The setup of the proposed system is shown in Fig. 1. It consists of two polarization-independent semiconductor optical amplifiers (SOA, Thorlabs SOA1013SXS and Booster Optical Amplifier BOA, Thorlabs BOA1004P), a 90:10 fiber optic coupler for monitoring, a single mode fiber reel (SMF), a circulator and a 50:50 coupler to access the sensors. The use of two amplifiers (SOA and BOA) in the laser cavity was required to increase the gain in order to ensure enough amplification for the system to lase. Both amplifiers were gated at the same rate and with an appropriate phase shift by a waveform generator (Keysight 33600A) that triggered the high-speed current amplifiers to drive the SOA and BOA. The overall pulse duration when lasing was below 10 ns, i.e., covering 1 m of fiber in reflection. The 320 m reel of SMF was used for convenience to increase the cavity roundtrip time and lower the gating frequency to values compatible with the available electronics, avoiding excessive heating.

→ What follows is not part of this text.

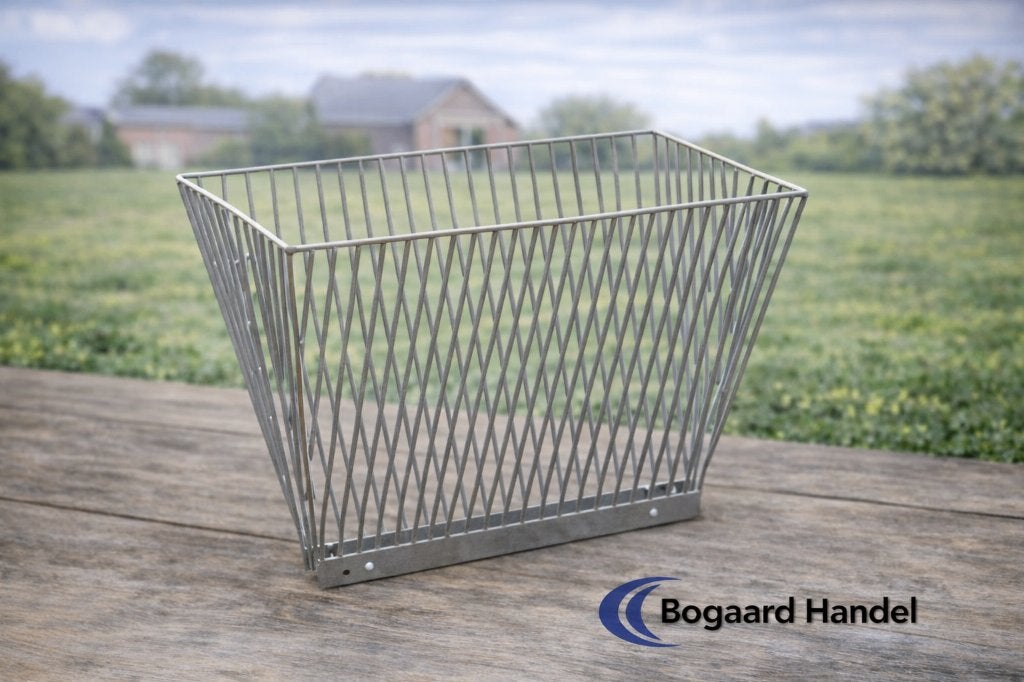 Hooiruif dubbel, Opzetruif fijn (spijlafstand 20mm), Meerdere dieren, Schaap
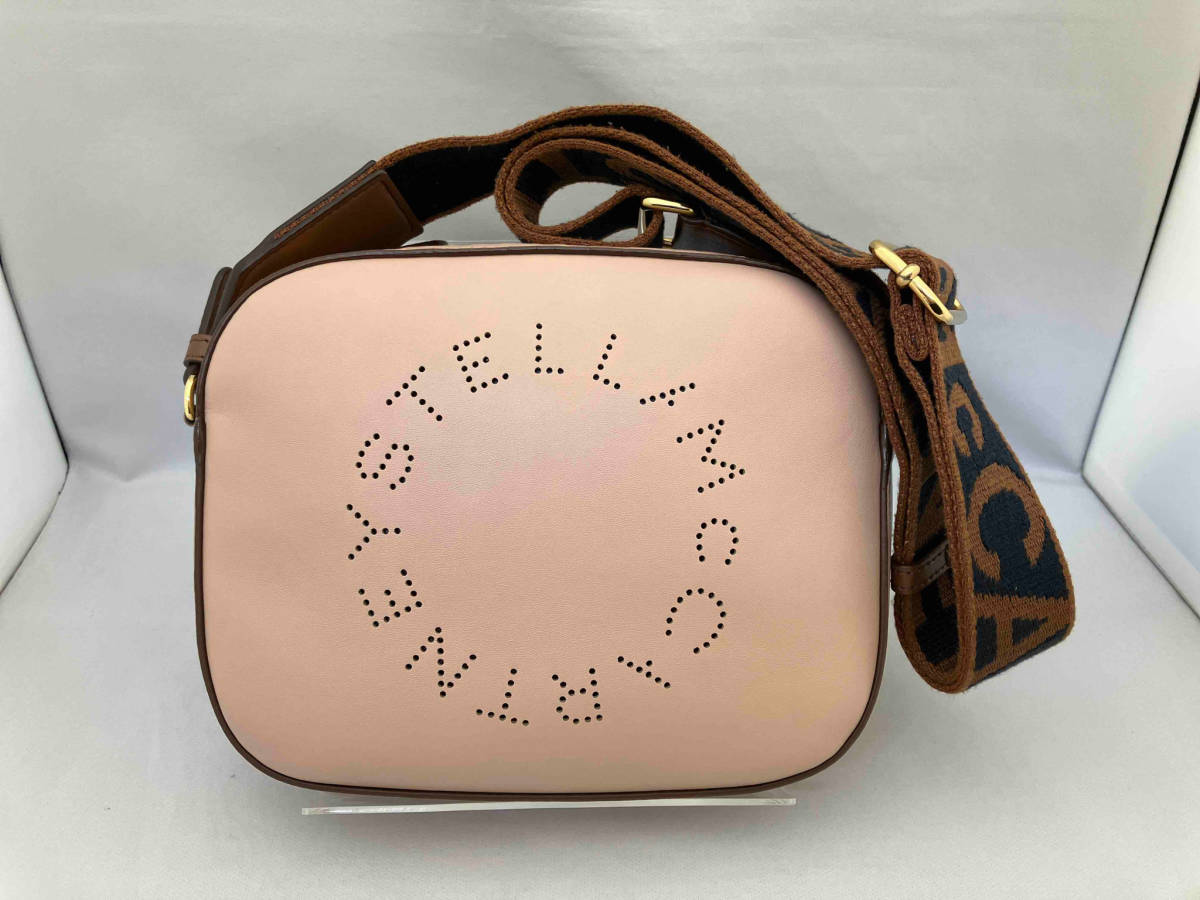 送料無料/即納】 STELLA McCARTNEY ロゴバッグ ショルダーバッグ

The relatively long fiber reel also ensured that any of the lengths of the cavities formed by the sensors were not multiple integers of each other32. Port 2 of the circulator was used to connect the sensors to the ring by means of a 50:50 coupler. The sensors were located at different lengths in order to ensure a different \(f_{r}\) for each so that they could be addressed individually by sweeping the RF frequency of the current pulses to the SOA. Mathematically, the \(f_{r}\) of each device can be calculated with the following equation33,35:

$$ f_{r} = \frac{c}{{n(L_{RING} + 2L_{SENSOR} )}}, $$

where \(c\) is the speed of light, \(n\) is the effective refractive index of the probed fiber,\(L_{RING}\) is the cavity length of the ring formed by the SMF reel, the SOA, the BOA and Ports 1 and 3 of the circulator, which was fixed to 340 m in this work, and \(L_{SENSOR}\) is the distance from Port 2 to the end of each of the outputs of the fiber optic coupler. Typically, the resonance frequency is in the ~ 106 Hz range (for a sensor distance of \(L\) ~ 102 m), and variations due to temperature fluctuations in a laboratory are limited to ~ 101 Hz (i.e., an error in the sensor position in the mm range). For the setup in Fig. 1, \(f_{rSENSOR1}\) and \(f_{rSENSOR2}\) were found to be 537.16 kHz and 544.49 kHz, respectively. Outside those repetition frequencies there was no measurable optical signal in the interrogation window, as the laser was below threshold except when at resonance.

Figure 1
figure 1

Schematic of the interrogation setup.

For monitoring purposes 10% of the light was used: half connected to a spectrometer (I-MON512-USB, Ibsen Photonics) and the other half to an InGaAs avalanche photodetector (Thorlabs APD430C/M) and an oscilloscope (Tektronix TDS3034) for spectral and temporal measurements, respectively. With the former, any wavelength shift in the spectrum could be tracked and stored with picometer accuracy, whereas with the latter, any shortening of the optical pulse could be measured, as the traces of electric pump and optical pulses could be displayed.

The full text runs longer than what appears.